INDIANAPOLIS Johnny Manziel stood at the NFL combine podium, poised.
He showed confidence with every response. He located each media member who asked him a question despite there being more than a hundred gathered in a horseshoe around him.
Manziel knew questions were coming about his maturity and if he could be trusted with the keys to an NFL franchise, and he was ready.
Two years in the spotlight tends to polish people.
Manziel, the 2012 Heisman Trophy winner and Texas A&M quarterback, handled himself on Friday like a potential No 1. pick.
“I believe whenever I decided to make this decision to turn professional, it was a time to put my college years in the past,” Manziel said. “This is a job. There are guys’ families, coaches’ families and jobs and all kinds of things on the line. For me, it won’t be a hard thing to kick. I’m extremely focused on whatever organization I’m at.”

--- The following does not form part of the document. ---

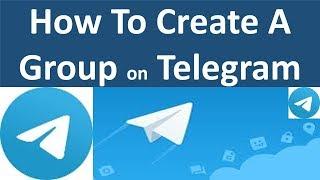 Creating a group on Telegram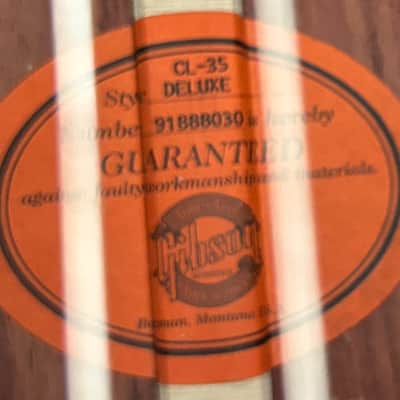 Gibson CL-35 Deluxe Cutaway Acoustic-Electric – Antique Natural – Hardshell Case image 5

The Houston Texans could take Manziel with the No. 1 pick, and even if they don’t, it’s unlikely Manziel drops out of the top 10. Central Florida’s Blake Bortles and Louisville’s Teddy Bridgewater join Manziel in the consensus top three quarterbacks in the draft.
In college, Manziel had a tendency to do what college kids do. He drank and he partied. He also did what most college kids don’t get the opportunity to do, like getting paid for his signature by an autograph broker – a move that earned him a half-game suspension.
But Manziel said he’s toned down his act since finishing his career with the Aggies. He has been training in San Diego with quarterback guru George Whitfield, and declined to attend Super Bowl festivities.
Manziel made a name for himself as the most electrifying player in college football for two seasons, and clips of his escapes from the pocket can be found with a few keystrokes on YouTube. But he hopes to prove wrong the critics who say he’s just an improviser and not a pocket passer.
“There’s times where plays aren’t going to go as scripted as people draw them up on the whiteboard,” Manziel said. “Whenever that happens you go through your reads and there are going to be times where you have to take off and get outside of the pocket and extend plays. But at the same time I want to be a guy that can drop back and go through my reads and my progressions and take what the defense gives.”
But Manziel isn’t going to prove that at the combine. He decided to not do throwing drills this week. Instead, he said he would make any throw at any private workout for teams, and he will throw to his Texas A&M receivers at the school’s pro day.
Manziel measured 5-foot-11 and 3/4inches, a height that at the NFL level will be difficult to primarily be a pocket passer.
“I play with a lot of heart, a lot of passion,” Manziel said. “I feel like I play like I’m 10 feet tall. The measurement to me is just a number.”